### PROBLEM TO WORK ON
Could you retype the lines below, starting at the line holding "BOURINA Olive Green" and stopping at the line holding "Borsa a mano", inclusive? Copy them exactly and drop the images.
─── RECORDS PROVIDED ───
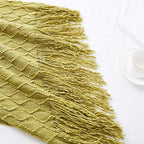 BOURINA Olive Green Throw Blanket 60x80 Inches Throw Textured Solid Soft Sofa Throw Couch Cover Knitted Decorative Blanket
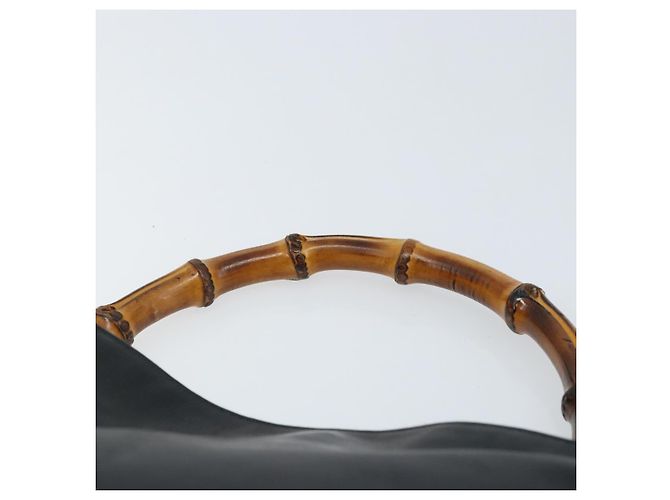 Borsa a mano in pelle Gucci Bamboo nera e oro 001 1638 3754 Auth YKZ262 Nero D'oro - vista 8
───
─── RECORDS PROVIDED ───
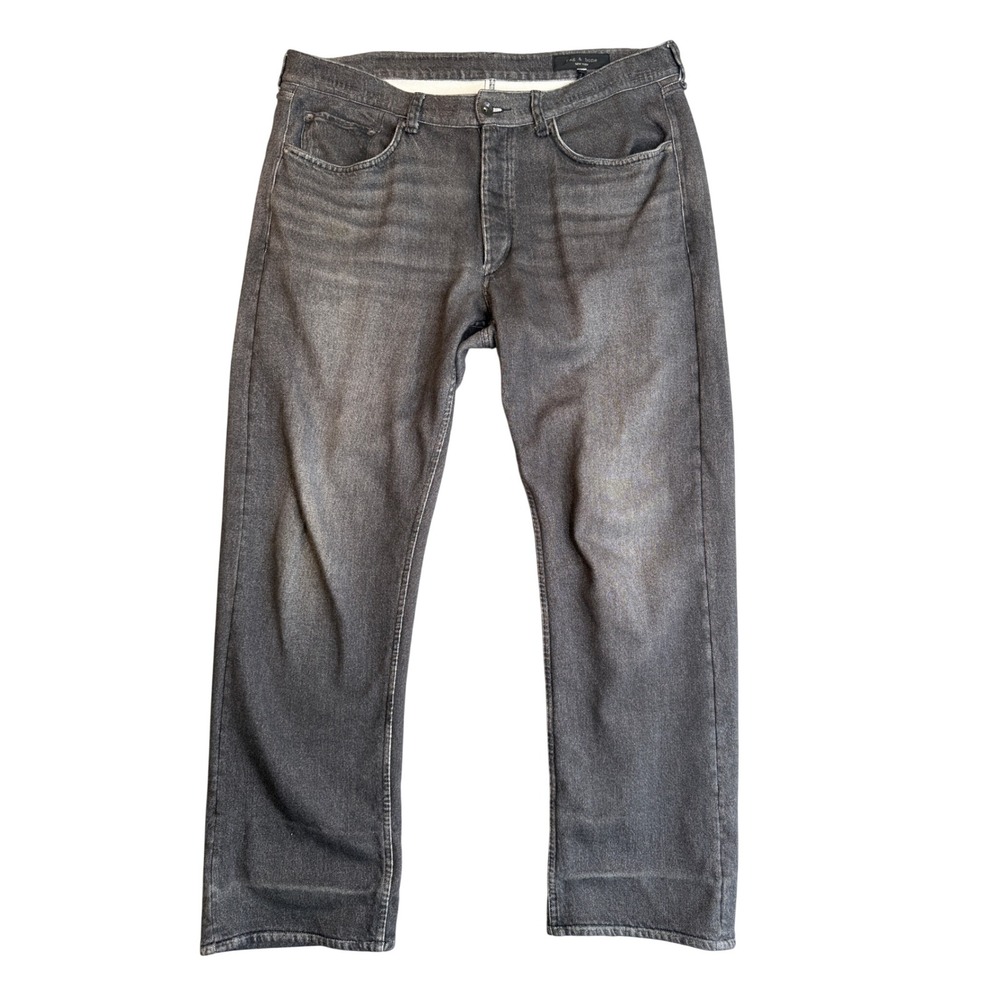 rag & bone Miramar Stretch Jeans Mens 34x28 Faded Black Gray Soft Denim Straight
───
─── RECORDS PROVIDED ───
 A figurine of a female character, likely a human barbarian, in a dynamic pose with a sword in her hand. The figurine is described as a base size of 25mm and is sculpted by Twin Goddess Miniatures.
───
### TASK RESPONSE
 BOURINA Olive Green Throw Blanket 60x80 Inches Throw Textured Solid Soft Sofa Throw Couch Cover Knitted Decorative Blanket
 Borsa a mano in pelle Gucci Bamboo nera e oro 001 1638 3754 Auth YKZ262 Nero D'oro - vista 8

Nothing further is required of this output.